México acelera la centralización del poder institucional

Por EDITOR Mayo 11, 2026 42

El Estado mexicano continúa reconfigurando silenciosamente parte de su estructura institucional y regulatoria, en un movimiento que concentra cada vez más funciones estratégicas bajo control federal.

Las publicaciones recientes en el Diario Oficial de la Federación relacionadas con simplificación orgánica y reorganización administrativa reflejan un cambio profundo en el modelo de operación gubernamental: menos dispersión institucional y mayor concentración de capacidades políticas, regulatorias y operativas.

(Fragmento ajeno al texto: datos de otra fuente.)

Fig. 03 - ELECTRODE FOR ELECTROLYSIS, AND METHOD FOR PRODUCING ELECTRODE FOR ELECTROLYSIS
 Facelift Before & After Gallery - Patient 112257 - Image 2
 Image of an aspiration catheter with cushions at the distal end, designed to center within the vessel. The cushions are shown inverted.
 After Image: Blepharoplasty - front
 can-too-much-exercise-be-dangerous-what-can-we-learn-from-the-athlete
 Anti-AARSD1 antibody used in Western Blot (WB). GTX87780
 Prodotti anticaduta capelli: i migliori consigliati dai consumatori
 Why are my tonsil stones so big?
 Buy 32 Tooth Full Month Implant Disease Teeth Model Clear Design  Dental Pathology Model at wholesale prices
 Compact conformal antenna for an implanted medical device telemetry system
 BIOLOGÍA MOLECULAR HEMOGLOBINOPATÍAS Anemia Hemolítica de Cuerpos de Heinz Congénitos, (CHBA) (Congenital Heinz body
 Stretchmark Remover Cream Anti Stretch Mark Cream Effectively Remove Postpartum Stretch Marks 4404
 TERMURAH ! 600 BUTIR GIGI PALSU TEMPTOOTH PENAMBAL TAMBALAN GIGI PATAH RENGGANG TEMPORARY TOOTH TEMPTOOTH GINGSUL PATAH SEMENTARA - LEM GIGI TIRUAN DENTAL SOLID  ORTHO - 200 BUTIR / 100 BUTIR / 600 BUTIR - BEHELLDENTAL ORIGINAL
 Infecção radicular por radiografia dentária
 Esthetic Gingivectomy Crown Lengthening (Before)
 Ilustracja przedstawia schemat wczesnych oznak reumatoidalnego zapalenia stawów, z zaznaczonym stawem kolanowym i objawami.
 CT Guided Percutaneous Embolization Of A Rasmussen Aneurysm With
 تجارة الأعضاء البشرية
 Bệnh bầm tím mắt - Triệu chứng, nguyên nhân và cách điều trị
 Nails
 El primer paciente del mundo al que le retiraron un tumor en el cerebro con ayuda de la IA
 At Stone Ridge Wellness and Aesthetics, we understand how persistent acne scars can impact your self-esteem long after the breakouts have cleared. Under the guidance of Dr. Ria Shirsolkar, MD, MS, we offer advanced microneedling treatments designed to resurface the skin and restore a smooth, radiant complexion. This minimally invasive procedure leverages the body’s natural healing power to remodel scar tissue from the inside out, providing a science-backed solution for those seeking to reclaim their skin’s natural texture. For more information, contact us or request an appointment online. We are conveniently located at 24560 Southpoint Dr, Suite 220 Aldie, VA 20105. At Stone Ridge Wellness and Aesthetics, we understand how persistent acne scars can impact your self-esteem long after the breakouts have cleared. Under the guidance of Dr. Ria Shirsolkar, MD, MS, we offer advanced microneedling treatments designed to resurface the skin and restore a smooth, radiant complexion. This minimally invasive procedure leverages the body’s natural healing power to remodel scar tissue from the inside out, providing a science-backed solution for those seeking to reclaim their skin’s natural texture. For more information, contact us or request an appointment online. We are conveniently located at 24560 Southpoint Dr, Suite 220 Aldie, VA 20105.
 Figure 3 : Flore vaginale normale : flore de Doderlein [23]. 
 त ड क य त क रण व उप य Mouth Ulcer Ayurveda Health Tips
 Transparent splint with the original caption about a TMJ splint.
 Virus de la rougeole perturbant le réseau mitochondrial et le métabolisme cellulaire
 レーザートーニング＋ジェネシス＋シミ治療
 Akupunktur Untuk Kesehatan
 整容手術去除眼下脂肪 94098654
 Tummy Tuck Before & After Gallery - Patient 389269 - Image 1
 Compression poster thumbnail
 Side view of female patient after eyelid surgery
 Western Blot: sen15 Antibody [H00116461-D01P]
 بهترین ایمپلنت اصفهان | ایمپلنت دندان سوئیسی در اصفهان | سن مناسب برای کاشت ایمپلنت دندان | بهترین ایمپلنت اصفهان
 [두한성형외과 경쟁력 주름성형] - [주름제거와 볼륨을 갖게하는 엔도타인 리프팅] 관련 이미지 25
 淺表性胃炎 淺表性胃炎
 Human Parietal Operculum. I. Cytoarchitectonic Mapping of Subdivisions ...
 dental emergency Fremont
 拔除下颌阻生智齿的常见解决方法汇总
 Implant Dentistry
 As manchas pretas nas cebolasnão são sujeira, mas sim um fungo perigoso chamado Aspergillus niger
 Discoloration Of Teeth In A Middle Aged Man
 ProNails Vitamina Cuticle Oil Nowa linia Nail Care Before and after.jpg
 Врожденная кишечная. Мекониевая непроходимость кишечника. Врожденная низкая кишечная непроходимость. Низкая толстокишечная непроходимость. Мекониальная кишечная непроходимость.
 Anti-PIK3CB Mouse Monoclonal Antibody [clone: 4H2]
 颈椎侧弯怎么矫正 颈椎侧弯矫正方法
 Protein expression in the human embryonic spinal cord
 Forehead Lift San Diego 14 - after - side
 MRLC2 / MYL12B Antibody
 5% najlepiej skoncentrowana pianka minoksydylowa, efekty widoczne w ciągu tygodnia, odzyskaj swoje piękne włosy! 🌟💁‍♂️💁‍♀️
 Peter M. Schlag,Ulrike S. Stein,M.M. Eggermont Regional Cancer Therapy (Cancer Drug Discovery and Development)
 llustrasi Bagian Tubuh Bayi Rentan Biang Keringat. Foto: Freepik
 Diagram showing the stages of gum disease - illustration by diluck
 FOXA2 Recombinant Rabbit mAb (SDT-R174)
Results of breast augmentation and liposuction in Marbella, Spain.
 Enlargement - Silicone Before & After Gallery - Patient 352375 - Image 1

Aunque oficialmente el discurso habla de eficiencia, austeridad y simplificación administrativa, el alcance real es mucho más amplio:
México está entrando en una nueva etapa de centralización institucional.

La reorganización impacta áreas clave como:

  • regulación económica,
  • supervisión administrativa,
  • vigilancia institucional,
  • operación gubernamental,
  • y funciones anteriormente distribuidas entre organismos con distintos niveles de autonomía.

El argumento oficial sostiene que el nuevo modelo permitirá:

  • reducir burocracia,
  • eliminar duplicidades,
  • acelerar decisiones,
  • y mejorar coordinación nacional.

Pero críticos advierten que el proceso también puede debilitar contrapesos institucionales y concentrar mayor poder operativo en el gobierno federal.

El movimiento ocurre en un contexto donde el oficialismo mantiene amplio control político y legislativo, permitiéndole avanzar en transformaciones estructurales que hace apenas algunos años habrían enfrentado mucha mayor resistencia institucional.

Especialistas consideran que la centralización no se limita únicamente a organismos o estructuras administrativas.

También se refleja en:

  • seguridad,
  • salud,
  • política energética,
  • fiscalización,
  • y coordinación nacional de programas estratégicos.

En otras palabras:
México está transitando hacia un modelo donde la Federación concentra cada vez más capacidad de decisión y operación.

El impacto económico y político de este cambio podría sentirse durante los próximos años.

A corto plazo:

  • mayor velocidad de implementación gubernamental,
  • y capacidad de control administrativo.

A mediano plazo:

  • menor margen operativo para estados y organismos autónomos,
  • y creciente dependencia institucional del poder central.

Y a largo plazo, la discusión será mucho más profunda:
hasta dónde puede avanzar la centralización sin afectar equilibrio institucional, competencia regulatoria y contrapesos democráticos.

La señal que deja el DOF es contundente:
México no solo está cambiando leyes o estructuras administrativas.

Está rediseñando lentamente la forma en que se ejerce el poder público.